From this point onwards, the remaining challenges were figuring out the best way to efficiently replicate the records from our system into a database. And… yes, synchronization is not trivial!
Synchronization is hard. Probably not as hard as cache invalidation or naming, but it's quite easy to introduce inconsistencies, especially when you have to deal with large volume of DNS records and asynchronous processes.
If something can go wrong, it will. Therefore, we had to plan for failure. In most cases, we refresh single records when it makes sense. However, every once in awhile, we trigger a refresh of the entire zone, to make sure we don't leave anybody behind.
Moreover, whenever it makes sense, we use a pull approach rather than a push approach. When a zone event (create, update or delete) is triggered, the notification is sent from source to target. The target pulls the data from the source, rather than the event pushing data to the target. With this approach you need to ensure that events that are broadcasted with no guarantee of time order, will not override each other, on the other side the advantage is that the data pulled from the source is always up-to-date.
Our synchronization system is not bullet-proof. The feature has been recently released, and we'll keep monitoring and tweaking our system as much as we can. After all, synchronization is hard.
Another big challenge was zone validation. At DNSimple we always tried to not limit our user management capabilites. Some providers disallow CNAME records on certain levels, for example the apex domain, or don't allow the user to create wildcard records.
We do.
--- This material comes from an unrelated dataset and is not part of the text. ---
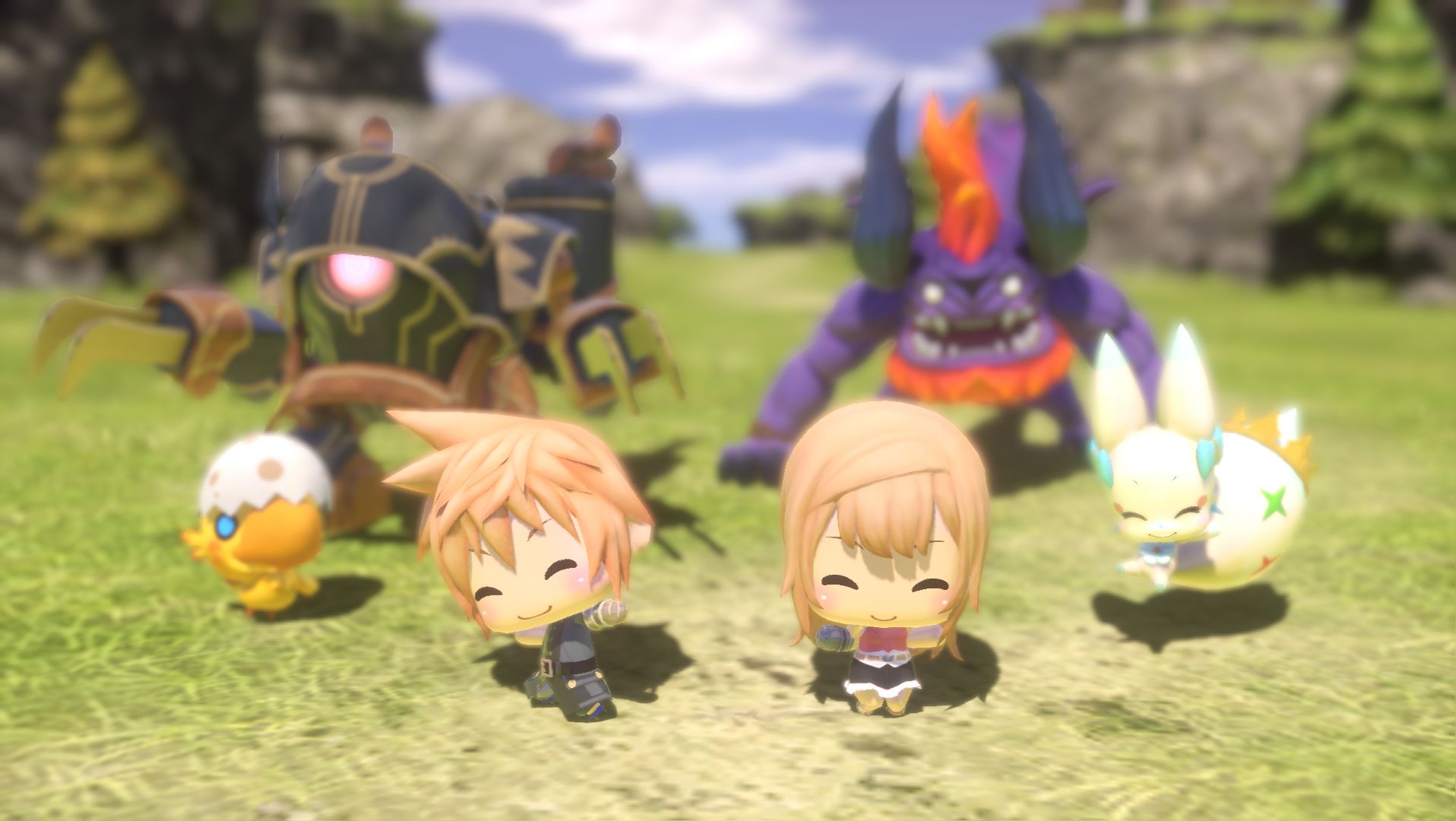 World Of Final Fantasy S Next Patch Will Fix Ps4 Pro Problem That Makes The Game Blurry Vg247 - what to do in the fantasy world puzzle in roblox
But that means, in some cases, users may create invalid zones.
In the last year or two we introduced several validations with the goal of preventing the most common and evident validation errors. For instance, it is no longer possible to create a record where a CNAME exists for the same name or, vice-versa, to create a CNAME when another record already exists on a particular host name.
Unfortunately, some old zones may still contain invalid data. We discussed several approaches to handle the problem: we could attempt to fix the error in the "best way" (assuming one could be found), with the risk to cause unnecessary overhead, or we could discard the invalid record, with the risk of selecting the wrong one.
We decided to leave the choice to each customer. When you enable secondary DNS for a domain and the zone is invalid, we provide a message with some debugging information and we encourage you to contact us. We will help you fix the zone, making sure to provide the best solution for that specific case and domain.
Make it simple! ™
Believe it or not, managing DNS at any significant scale is not easy.
Part of our mission is to make this task easier. Therefore, we had to iterate several revisions of our UI to make sure that managing secondary DNS with DNSimple would not be as complicated as launching a shuttle into space.
That's why our secondary DNS management area is one, single, minimal page. It asks you for the most essential details you need to get started.
Several people asked us for recommendations about secondary DNS providers. We are currently working on an update of the interface that will give you the 1-click ability to select a providers and enable the secondary DNS with the necessary configuration.
We started working on the secondary DNS service on December 9th, the very first day of our company meetup in Madrid. I still remember the scene of Javier driving me from the airport to the apartment, with Anthony trying to convince me that we had to start building it that day.
It took us the entire week of the meetup to get the basic infrastructure and product, and one entire month of development and testing.
The DNSimple team worked together to get this done. It has been a very stressful end of the year for us, and I'd like to thank the entire team for the amazing work.
But to be honest, we really need to thank you, our customers, for your support and for patiently waiting for us to release this feature.